Güney Amerika haberleri bizim basınımızda neredeyse hiç yer almaz. Yer alsa da çoğu zaman “dostumuz” Amerika’nın sinirini bozacak bir şey yaptıkları için ya da magazin haberine benzediği için oluyor her ne hikmetse. Dolayısıyla bu tür haberlerin gündem olması çok zor. Halbuki değişen dünya dengelerinin ne yöne gittiğini görmek için Güney Amerika’yı çok yakından takip etmek, çok iyi anlamak gerekiyor.
Son habere göre, Venezuela lideri Hugo Chavez Cumhurbaşkanlığı Sarayı’nı bırakıp, Kaddafi’nin hediye ettiği çadıra taşınıyor. Sebebi de sel felaketinde evsiz kalan vatandaşlardan olabildiğince çoğunu kendisinin ve muhafızlarının yerine Cumhurbaşkanlığı Sarayı’na yerleştirmek. Daha önce de felaketzedelerin lüks otellerde bedava kalmaları emrini veren Chavez’i acaba bizde olsa örnek alacak lider olur muydu?
Maden kazasına kader diyen, eylem yapan işçilere anarşist, öğrencilere terörist diyen bir yönetimin acaba bu tür “sözde değil özde” halkçı bir harekete yeltenmesini ummak ne derece bir saflık olur?

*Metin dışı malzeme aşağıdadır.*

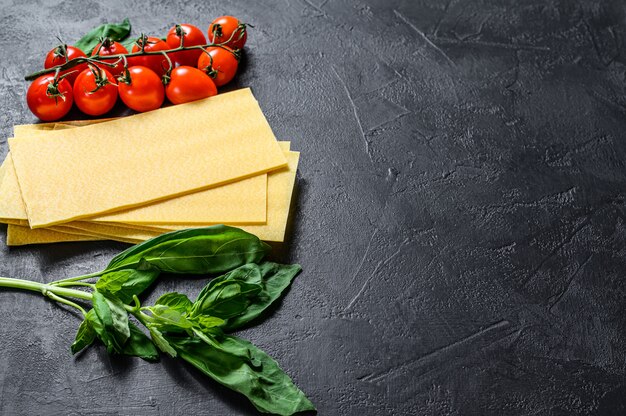 Raw lasagna sheets. Ingredients Basil, cherry tomatoes.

Yeni oluşan dünya dengelerinde bir tarafta uzun süredir “müttefiklerimiz” olan kapitalizm temelli ülkeler, diğer yanda ise “emperyalizm karşıtı” eksendeki, çoğu zaman halkçı ülkeler var. Dolayısıyla Türkiye’nin geleceği için bizden uzak bu diğer gruptaki gelişmeleri, liderlerin ve halkların eğilimlerini gözden kaçırmamak gerek. Kim bilir, belki bu “asi ülkelerden” de öğreneceğimiz bir şeyler çıkabilir.